Orta Asya'nın küçük, fakir ama gururlu ülkesi: Tacikistan

Esedullah Oğuz Independent Türkçe için yazdı

Fotoğraf: Wikimedia

Orta Asya'nın fakir ama bir o kadar da huzurlu ülkesi olan Tacikistan Cumhuriyeti, 15 Ağustos 2021 tarihinde Taliban'ın komşu Afganistan'da iktidarı ele geçirmesiyle bu huzuru bir ölçüde de olsa kaybetmiş durumda.

Zira, Taliban'ın gelmesiyle Afganistan'ın ikinci büyük etnik grubu olan Tacikler iktidarı kaybettiği gibi, Tacikistan da eski kötü günleri anımsatan tehlikeli bir radikal islamcı rejim ile kapı komşusu olmuş durumda. 

Afganistan'da Taliban'ın iktidara gelmesinden sonra eski yönetimdeki tüm Tacik asıllı üst düzey yöneticiler Tacikistan'a sığındılar. Eski Afgan cumhurbaşkanı birinci yardımcısı Emrullah Salih, savunma bakanı Bismillah Han, komutan Mesud'un oğlu Ahmet Mesud, eski dışişleri bakanı Salahuddin Rabbani, bunlardan bazıları.

Cumhurbaşkanı Gani'nin kendisi de 15 Ağustos günü helikopter ile Tacikistan'a kaçmış, oradan da uçakla siyasi sığınma talep ettiği Birleşik Arap Emirlikleri'ne gitmişti. 

Tacikistan, Afganistan'daki soydaşlarının haklarını açıkça savunan ve onlara arka çıkan yegane Orta Asya cumhuriyeti oldu. Özbekistan ile Türkmenistan, Taliban rejimi ile dostana ilişkiler kurarken, Tacikistan açıkça Taliban rejimini şu anki haliyle kabul etmeyeceğini açıkladı.

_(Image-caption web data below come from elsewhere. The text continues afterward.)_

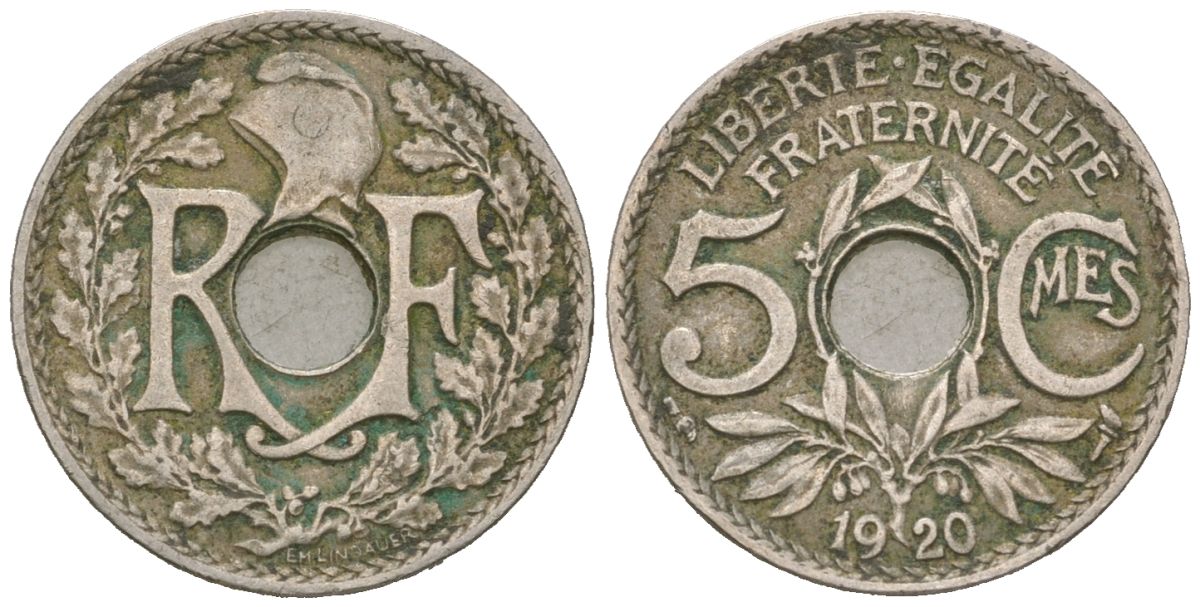 Франция 5 сантимов 1920 KM 865a медно-никель 4615-644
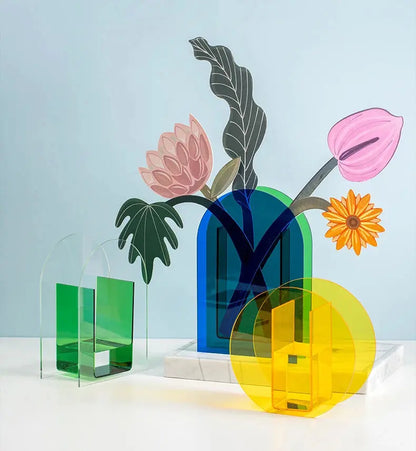 Vases en Acrylique Arc-en-Ciel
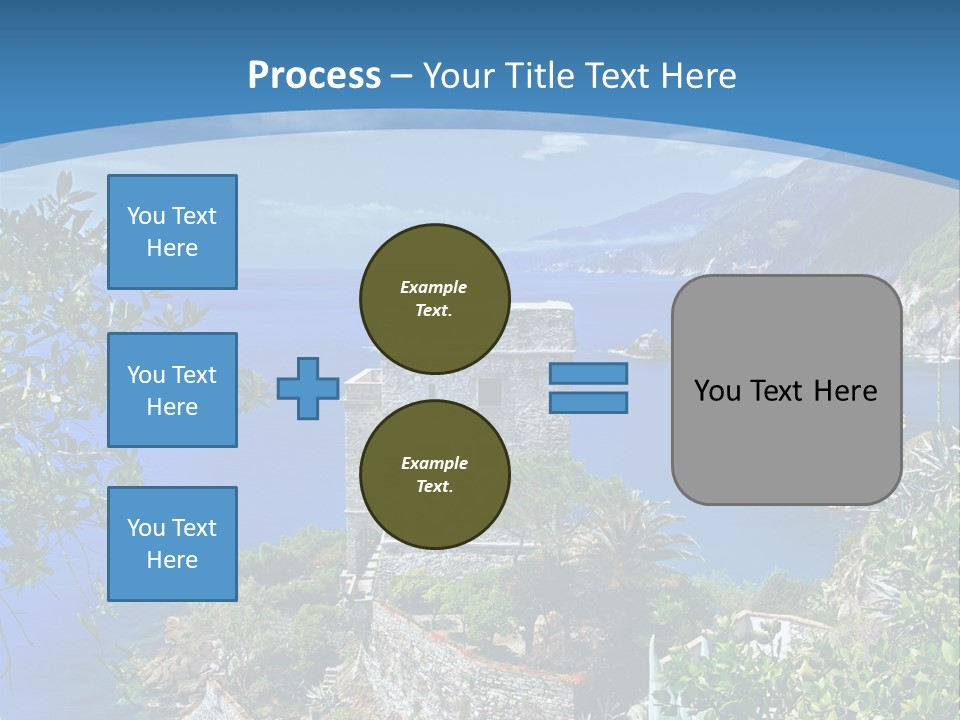 Boat Cliff Mediterranean PowerPoint Template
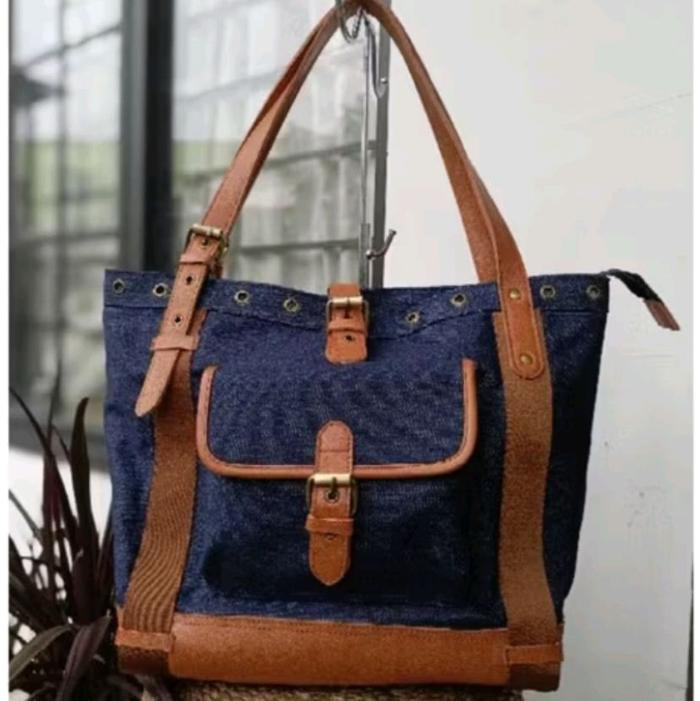 ONIETE Tas Tote kanvas mix kulit - LARISSA BAG
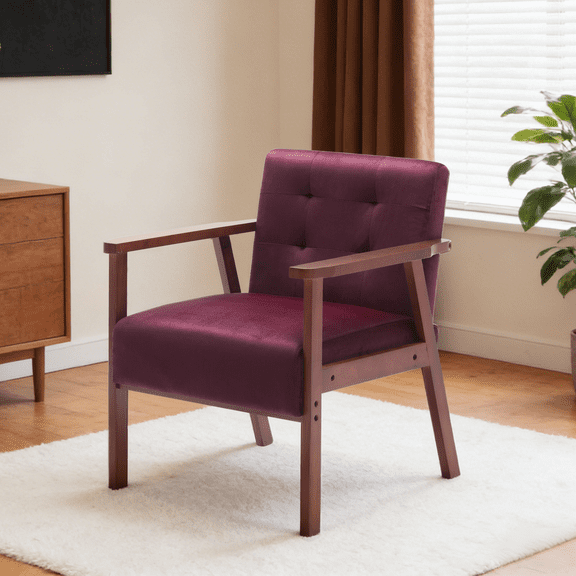 Gewnee 25.39 inch Wood Frame Upholstered Armchair,High Density Sponge Seat Cushion with Anti-Slip Foot Pads,Suitable for Living room,Bedroom and Office.Raspberry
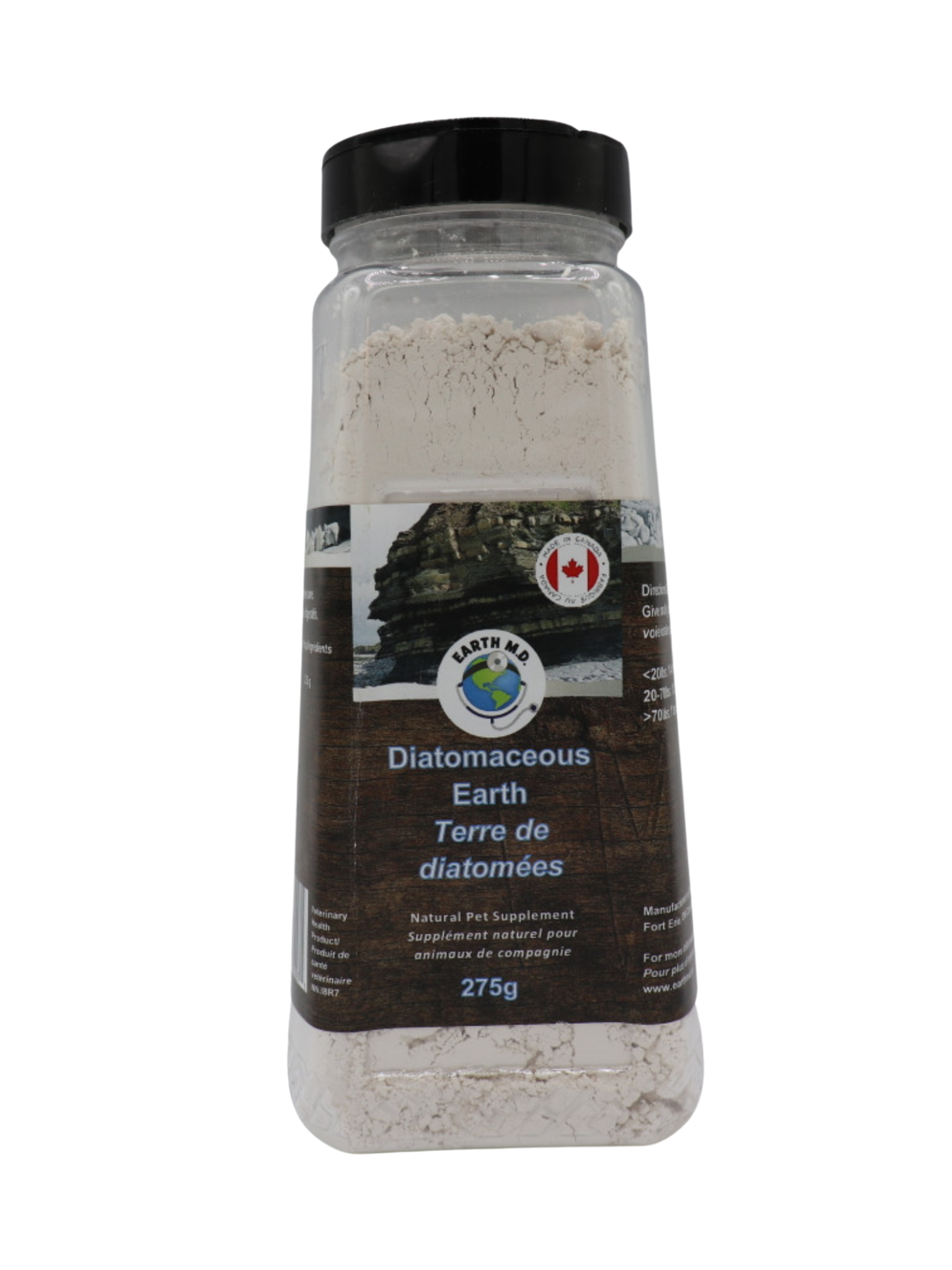EARTH M.D - Terre de diatomées 275 g. Bêtes Gourmandes, boutique spécialisée alimentation, éducation et sports pour chiens à Québec.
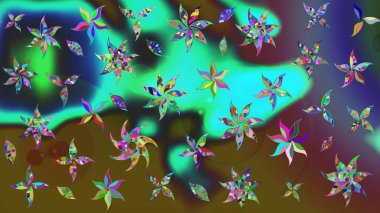 Çiçek desenli çizim. Yeşil ve kahverengi renkli Asya tekstili. Raster illüstrasyonu.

Bu açıdan Tacikistan, Taliban karşıtı sessiz Afgan çoğunluğun saygısını ve takdirini kazanmış durumda. Elinden pek bir şey gelmese de Duşenbe yönetimi, Afganların bu zor günlerinde en azından tarafını açıkça seçmiş durumda. 
 

İmamali Rahmanov.jpg
İmamali Rahmanov / Fotoğraf: Wikipedia

 

Tacikistan, 1992'den beri İmamali Rahmanov ve ailesi tarafından yönetiliyor. 1992-1997 yılları arasında ülkeyi kasıp kavuran iç savaştan sonra iktidardaki radikal islamcı gruplar komşu Afganistan'a kaçarken genç bir komünist olan İmamali Rahmanov, Rusların yardımı ve desteğiyle dizginleri ele aldı ve o zamandan beri de ülkeyi tek elden bir aile şirketi gibi yönetiyor. 

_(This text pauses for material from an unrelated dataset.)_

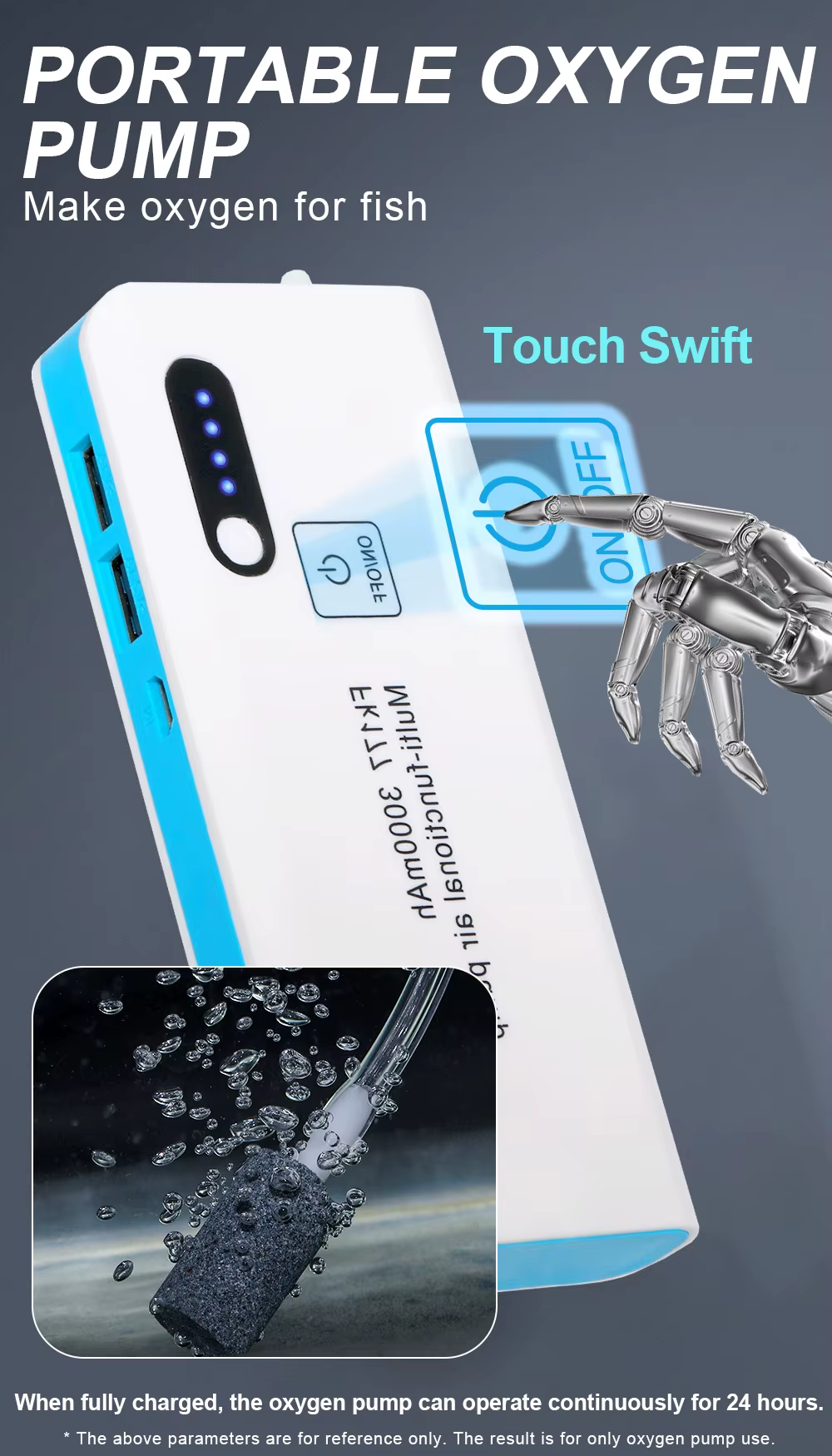 Indicador de batería y linterna encendida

Nitekim Rahmanov'un dokuz çocuğu ve pek çok yakın akrabası, yönetimde üst düzey görevlerde bulunuyor. Rahmanov'un 34 yaşındaki oğlu Rüstem, başkent Duşenbe'nin belediye başkanı ve aynı zamanda parlamento başkanı olarak görev yaparken, kız kardeşi Ruşana 15 Aralık 2021 günü babası tarafından Tackistan'ın Londra büyükelçisi olarak atandı.

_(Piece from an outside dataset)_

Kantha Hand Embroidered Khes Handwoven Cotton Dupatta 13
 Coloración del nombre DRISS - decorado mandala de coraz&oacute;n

Cumhurbaşkanının diğer kızı Azada Rahman, babasının personel şefi olarak görev yaparken, Azada'nın kocası Cemaleddin Nuraliyev de Tacikistan Merkez Bankası başkan yardımcılığı görevini yürütüyor.

Görüldüğü gibi Rahmanov ailesinin üyeleri köşe başlarını tutmuş durumda. Ve doğal olarak -tıpkı diğer Orta Asya cumhuriyetlerinde olduğu gibi- milyonlarca insan açlıkla mücadele ederken, ülkenin kaynakları iktidardaki ailenin keyfi için bol elden harcanıyor. 


İslamcıların üssü 

1990'lı yılların sonu ile 2000'li yılların başında Tacikistan, özellikle de Afgan sınırına yakın bölgeler neredeyse radikal İslamcı örgütlerin üssüydü.

Bu bölgelerde Tacik güvenlik güçleriyle İslamcı militanlar arasında sık sık çatışmalar çıkardı. Ve militanlar sıkıştıkları anda ırmağı atlayıp Afgan tarafına geçerlerdi. 

2005 başında NATO danışmanı olarak Tacik-Afgan sınırında bulunurken, bu militanlardan biriyle tanışmıştım. Muhammed Emin Resulzade adındaki militan, benim de dahil olduğum Alman konvoyundaki zırhlıları göstererek, dudağında muzip bir gülümsemeyle, "Kusura bakma, ama bunların da sonu Ruslarınki gibi olacak" demişti.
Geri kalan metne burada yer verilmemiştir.